UK budget strains deepen ahead of Reeves’ spending review

By Andy Bruce

MANCHESTER, England (Reuters) -Britain’s government kicked off the 2025/26 financial year in April by again borrowing more than expected, suggesting no let-up in the pressure on the public finances ahead of a major review of spending.

Public sector net borrowing was 20.155 billion pounds ($27 billion) in April, according to official data.

A Reuters poll of economists showed a median forecast of 17.9 billion pounds for public sector net borrowing.

Economists have routinely underestimated the extent of Britain’s budget deficit each month over the past year.

Finance minister Rachel Reeves is due to deliver her first multi-year spending review on June 11 to set the budgets for public services.

She outlined her first annual tax and spending plans last October when she raised social security contributions paid by employers but held off from broader tax increases.

“The decision to hold off on tax rises in the Spring Budget increasingly looks like a temporary reprieve,” said Lindsay James, investor strategist at wealth management firm Quilter.

“As borrowing continues to outstrip forecasts and debt interest costs remain elevated, pressure is building on the Chancellor to make tougher choices.”

With Reeves’ budget plans hinging on a tiny buffer against the government’s self-imposed fiscal rules – equivalent to less than 1% of annual spending – investors are watching public sector finance data closely.

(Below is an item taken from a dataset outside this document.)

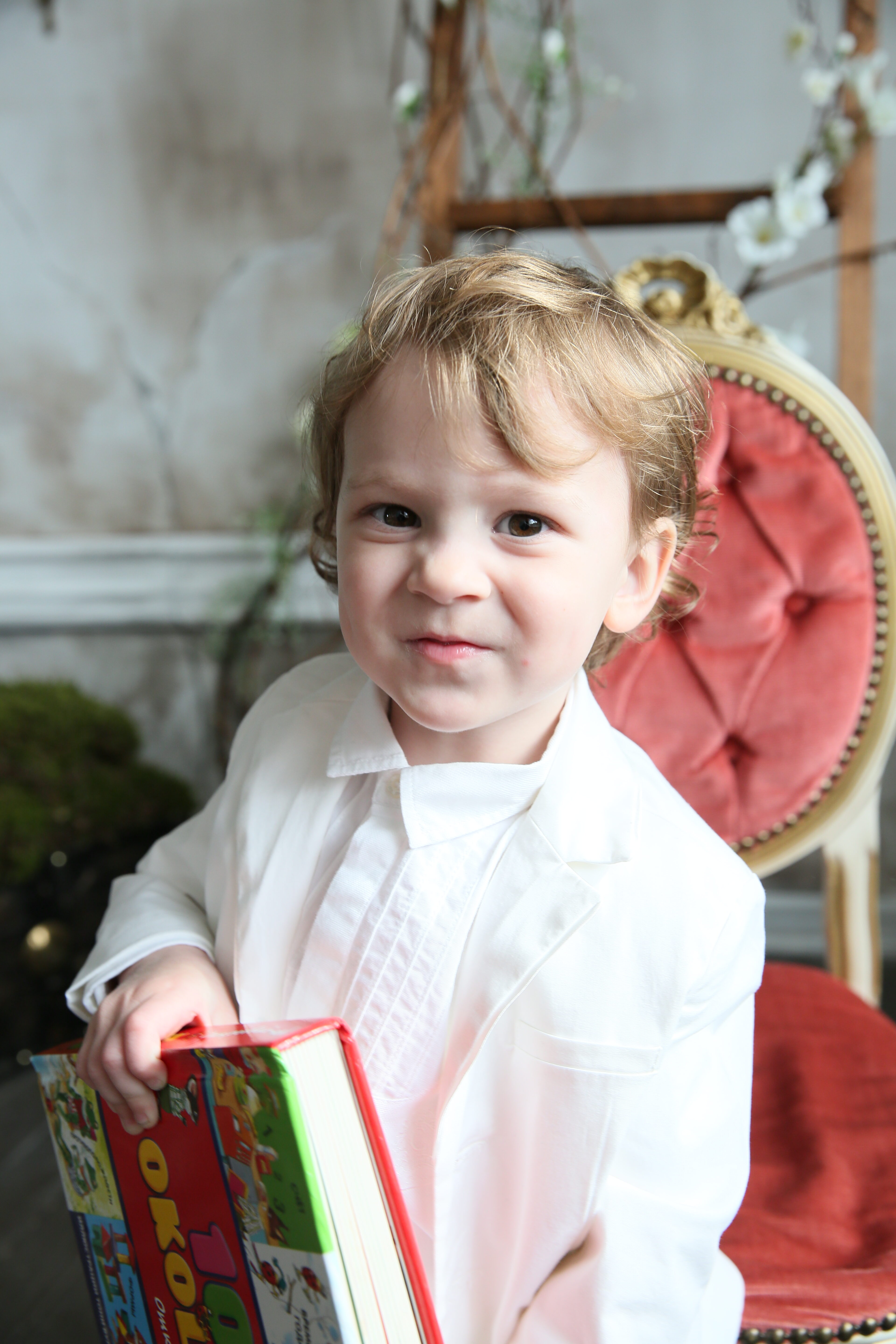 hamming little boy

The British government bond market has become increasingly volatile in recent years, reflecting unease among investors over Britain’s mix of slow economic growth, high debt interest costs and persistent inflation.

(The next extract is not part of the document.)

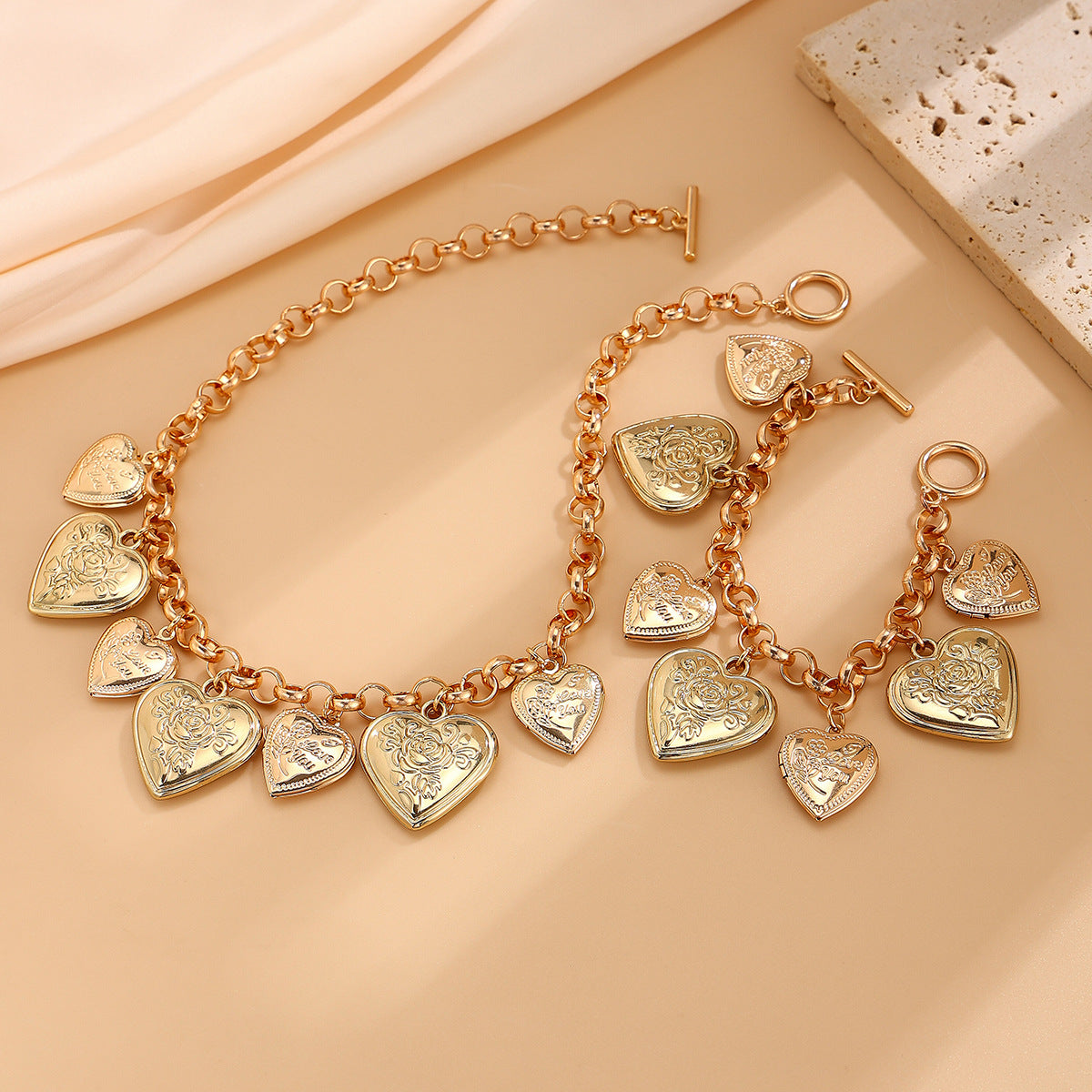 New retro peach heart alloy OT buckle necklace exaggerated BL iron chain collarbone chain set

Thursday’s figures from the Office for National Statistics were the first to estimate the impact of the large hike in employer social security payments, known in Britain as National Insurance contributions (NICs), which came into effect in April.

A major source of funding for the Labour government’s spending plans, the ONS said compulsory social security contributions increased by 12.8% compared with a year ago, on an accrued basis that relies heavily on projections.

Separate HMRC tax data, which records what the government actually received, showed a 7.7% annual increase in employer NICs contributions – the weakest such increase for the month of April since 2020.

But as NICs contributions are paid a month in arrears, it will not be until next month that more concrete evidence of the NICs increase appears in the data.

The ONS revised down its estimate of borrowing for the last financial year that ended in March to 148.3 billion pounds from 151.9 billion pounds previously, or 5.1% of economist output compared to 5.3%. In 2023/24, the deficit was 4.8% of GDP.

In its forecasts published in March, the Office for Budget Responsibility – which provides the fiscal and economic outlooks used by the government – projected a budget deficit for the financial year ending in March of 137.3 billion pounds.